Exercise aim: Make an exact copy of the records that follow, with each picture omitted.
Top of Records supplied
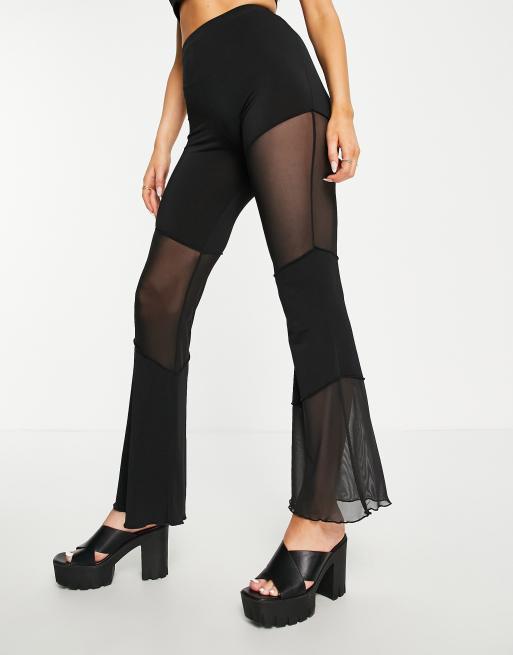 ASOS DESIGN patchwork crepe flare pants in mesh paneling in black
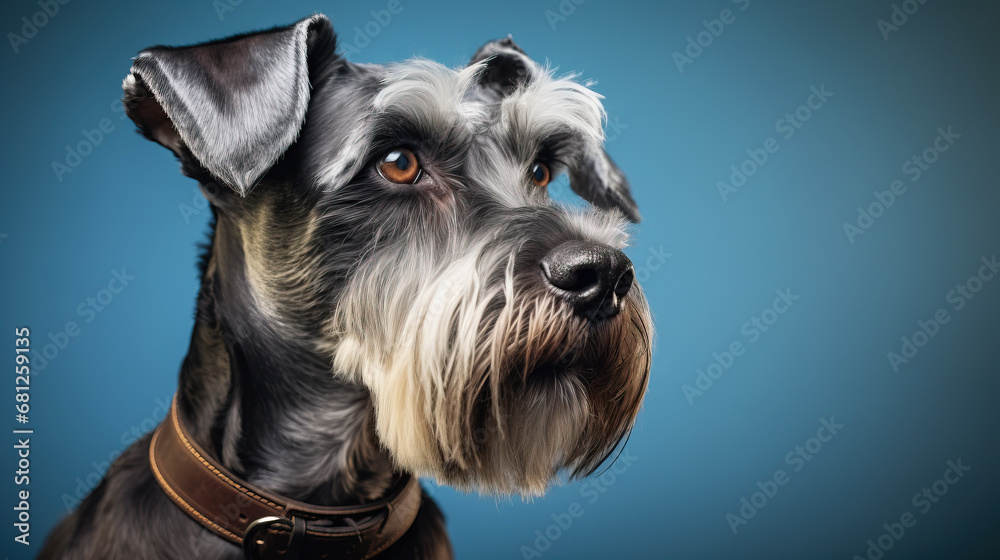 Studio portrait of a Miniature Schnauzer posing against a blue backdrop.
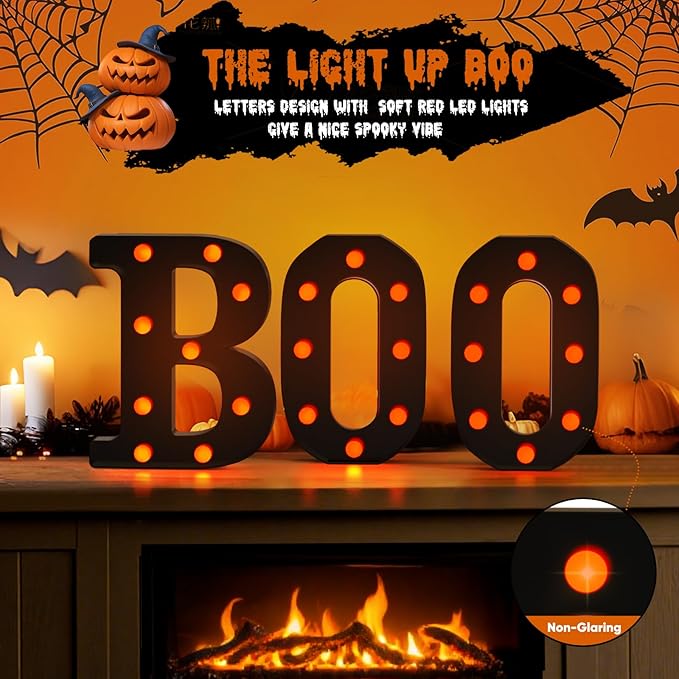 Halloween Decor,3 LED Light Up Marquee Letters Boo Sign,Cute Fall Halloween Decorations for Party,Tabletop,Mantel,Kitchen,Bathroom,Bedroom,Desk,Window,Porch,Office,Wall,Fireplace,Home,Indoor,Outdoor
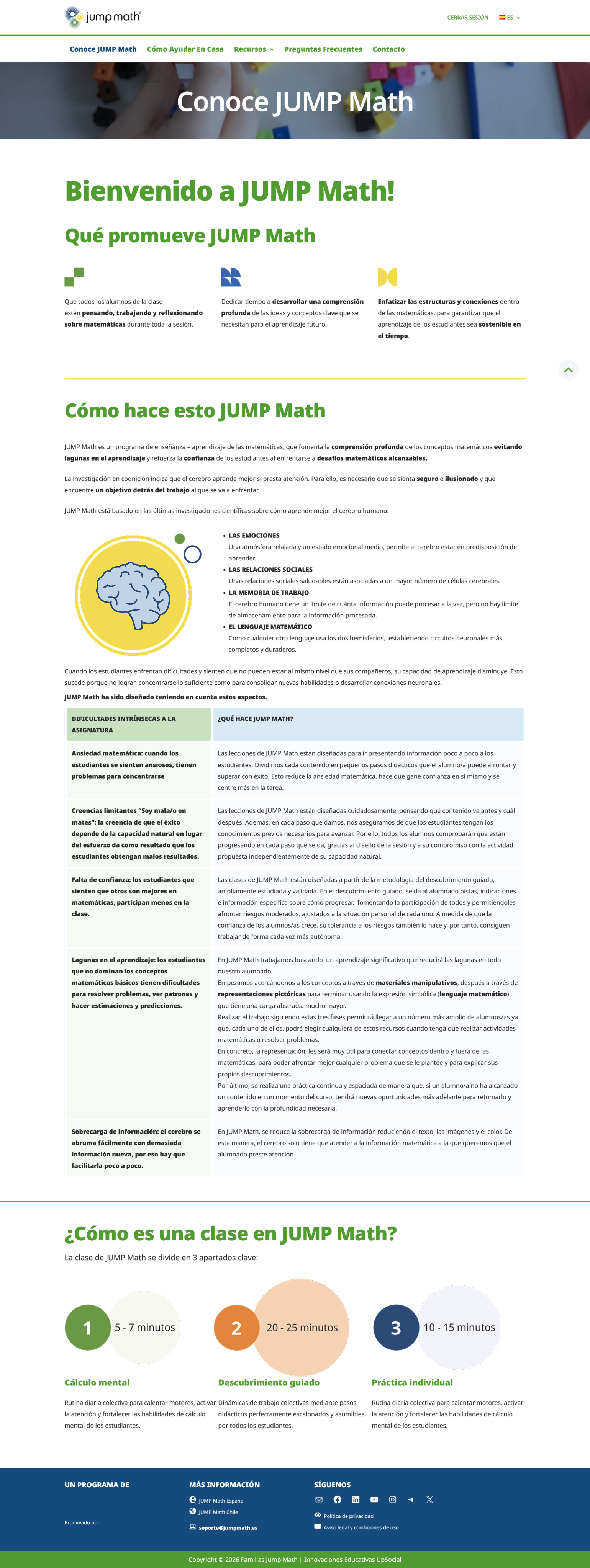 Jump Math Familias website
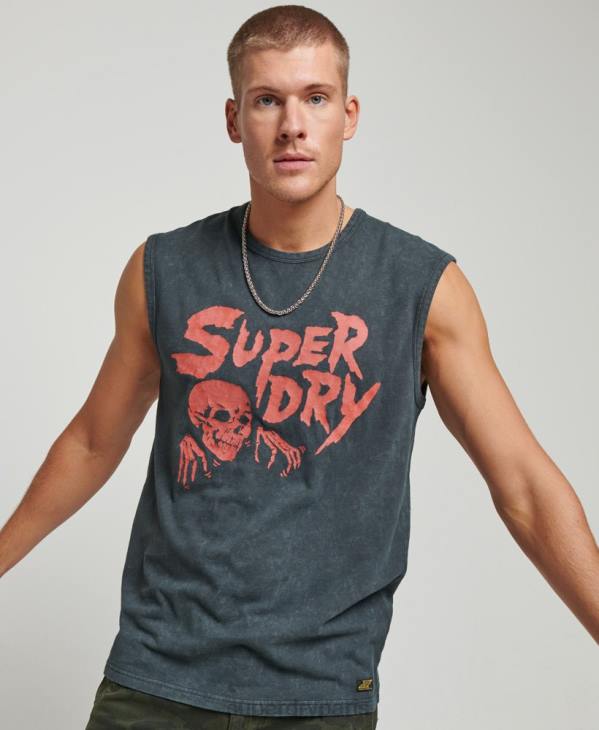 Superdry Hommes gilet flyer lo-fi vintage D64Z9 vêtements noir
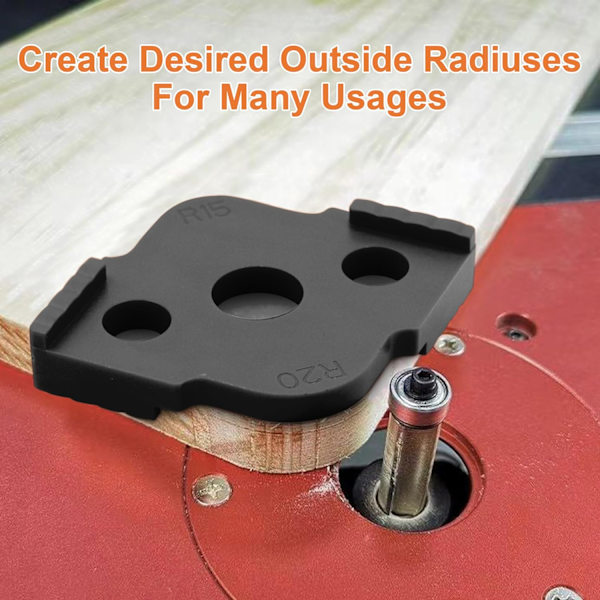 Jig Router Skabeloner Hjørne Radius Fræsning Skabeloner, ABS+CNC Høj Hårdhed Behandling Lim, Fræsning Afrundede Hjørner Fræser Skabeloner, R5 4 packs(Black)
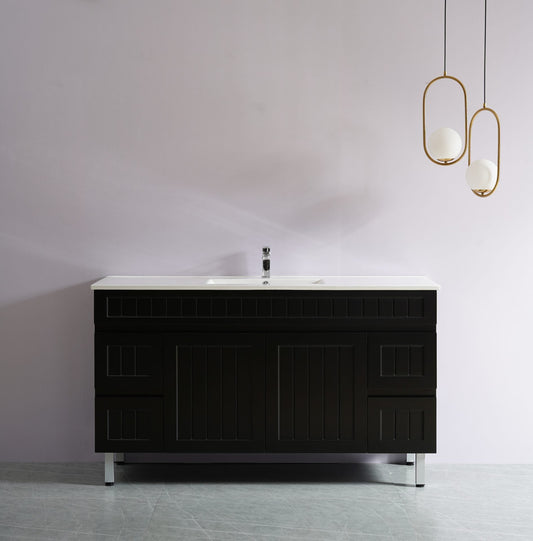 1500mm Acacia Floor Vanity PVC Cabinet Only - Matte Black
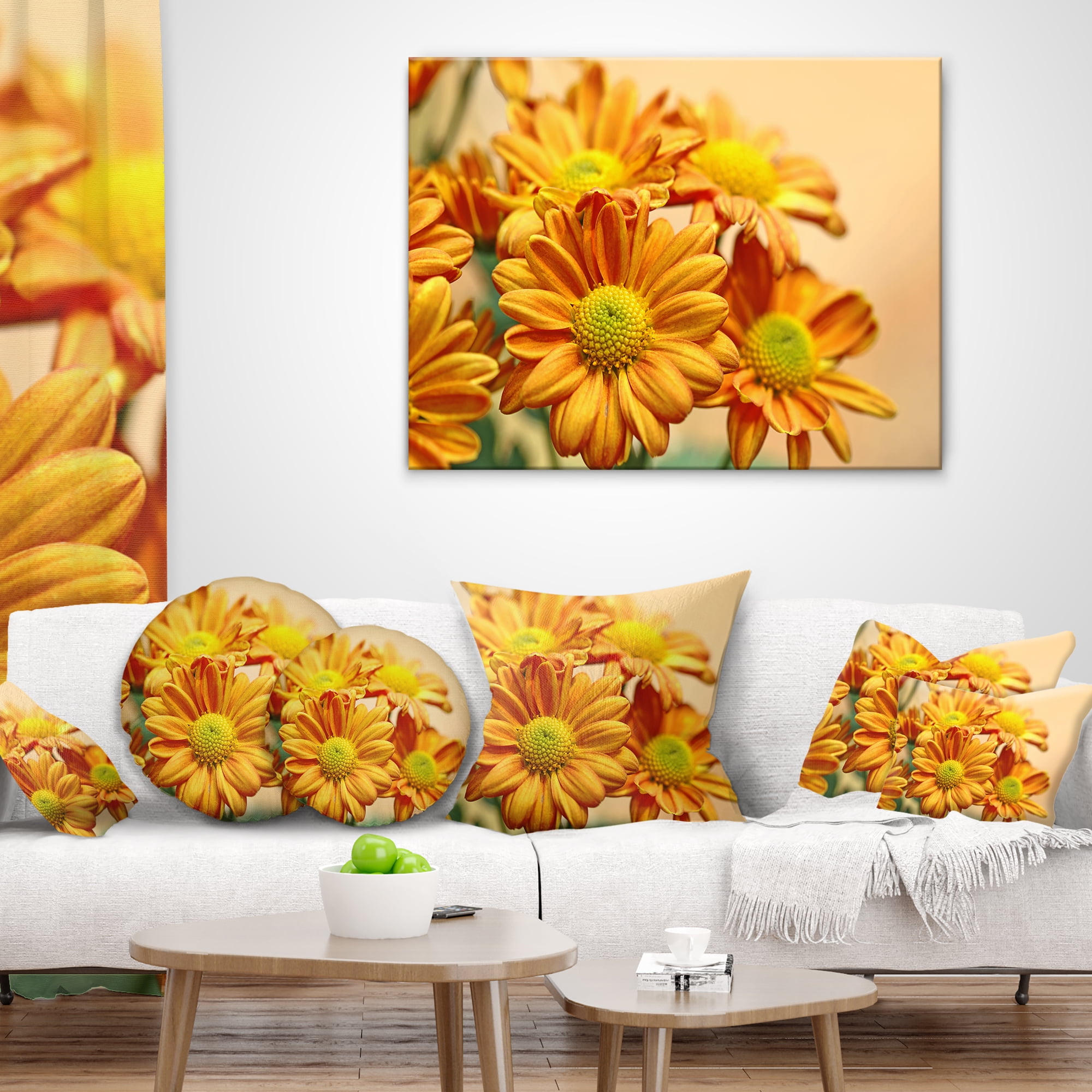 Designart Yellow Flowers in the Garden - Floral Throw Pillow - 12x20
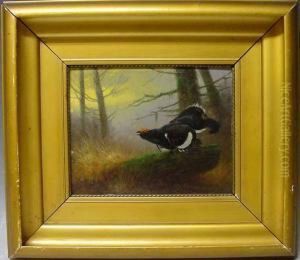 Birkhahn Auf Einem Baumstumpf Sitzend by Otto Scheuerer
Bottom of Records supplied
Written solution:
 ASOS DESIGN patchwork crepe flare pants in mesh paneling in black
 Studio portrait of a Miniature Schnauzer posing against a blue backdrop.
 Halloween Decor,3 LED Light Up Marquee Letters Boo Sign,Cute Fall Halloween Decorations for Party,Tabletop,Mantel,Kitchen,Bathroom,Bedroom,Desk,Window,Porch,Office,Wall,Fireplace,Home,Indoor,Outdoor
 Jump Math Familias website
 Superdry Hommes gilet flyer lo-fi vintage D64Z9 vêtements noir
 Jig Router Skabeloner Hjørne Radius Fræsning Skabeloner, ABS+CNC Høj Hårdhed Behandling Lim, Fræsning Afrundede Hjørner Fræser Skabeloner, R5 4 packs(Black)
 1500mm Acacia Floor Vanity PVC Cabinet Only - Matte Black
 Designart Yellow Flowers in the Garden - Floral Throw Pillow - 12x20
 Birkhahn Auf Einem Baumstumpf Sitzend by Otto Scheuerer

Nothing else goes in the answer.